Visualize the segmentation dataset via Python
Put the following code in a Python script called segmentation_visualizer.py
:
import cv2
import argparse
import os
import numpy as np
# Add the colored map to the image for visualization
def add_colored_to_image(image, colored):
return cv2.addWeighted(cv2.resize(image, (colored.shape[1], colored.shape[0]))
.astype(np.uint8), 1,
colored.astype(np.uint8), .5,
0, cv2.CV_32F)
# global labels map for mouse callback
labels_map = None
# Callback when you click on any pixel in the labels_map image
# Prints the label and instance count of the clicked pixel
def mouse_callback(event, x, y, flags, param):
if event == cv2.EVENT_LBUTTONDOWN:
# instance / panoptic
# label id
label = labels_map[y,x,0]
# instance count from the other 2 values of the pixel
instance_count = labels_map[y,x,1] * 256 + labels_map[y,x,2]
print(f'label: {label} .. instance count: {instance_count}')
cv2.namedWindow('labels_map')
cv2.setMouseCallback('labels_map', mouse_callback)
# Arg Parser to set the dataset path
parser = argparse.ArgumentParser()
parser.add_argument('--path', type=str, required=True, help='Segmentation Dataset Path')
args = parser.parse_args()
# dataset path
path = args.path
# paths of images folders
images_path = os.path.join(path, "images")
labels_map_path = os.path.join(path, "labels_maps")
colored_map_path = os.path.join(path, "colored_maps")
# list all images paths
images_names = sorted(os.listdir(images_path))
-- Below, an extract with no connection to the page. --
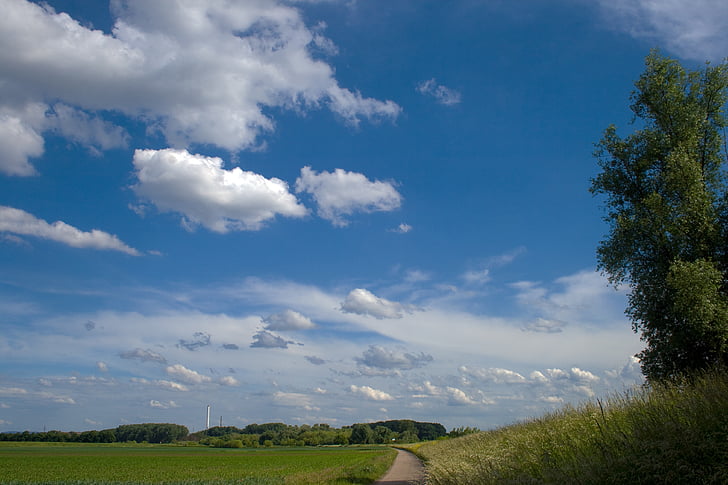 awan, padang rumput, bidang, langit musim panas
labels_names = sorted(os.listdir(labels_map_path))
colored_names = sorted(os.listdir(colored_map_path))
# add the root path to images names
images_paths = [os.path.join(images_path, name) for name in images_names]
labels_map_paths = [os.path.join(labels_map_path, name) for name in labels_names]
colored_map_paths = [os.path.join(colored_map_path, name) for name in colored_names]
for image_path, labels_path, colored_path in zip(images_paths, labels_map_paths, colored_map_paths):
image = cv2.imread(image_path, cv2.IMREAD_COLOR)
labels_map = cv2.imread(labels_path, cv2.IMREAD_COLOR)
colored_map = cv2.imread(colored_path, cv2.IMREAD_COLOR)
colored_image = add_colored_to_image(image, colored_map)
cv2.imshow("segmentation", colored_image)
cv2.imshow("image", image)
cv2.imshow("labels_map", labels_map)
cv2.imshow("colored_map", colored_map)
print("Press Any Key to Continue ... ESC to exit")
if cv2.waitKey(0) == 27:
break
cv2.destroyAllWindows()
Make sure you have all of the dependencies that are needed in order to run this Python script:
Run the script, setting the --path
argument to what you specified for the <save>
tag in the SDF file. Since we set the panoptic save path to segmentation_data/instance_camera
, we'd run the following command to view the panoptic segmentation data:
python3 segmentation_visualizer.py --path segmentation_data/instance_camera
You will see 4 windows: image
, labels_map
, colored_map
, and colored_image
(which is a combination of the image and colored_map).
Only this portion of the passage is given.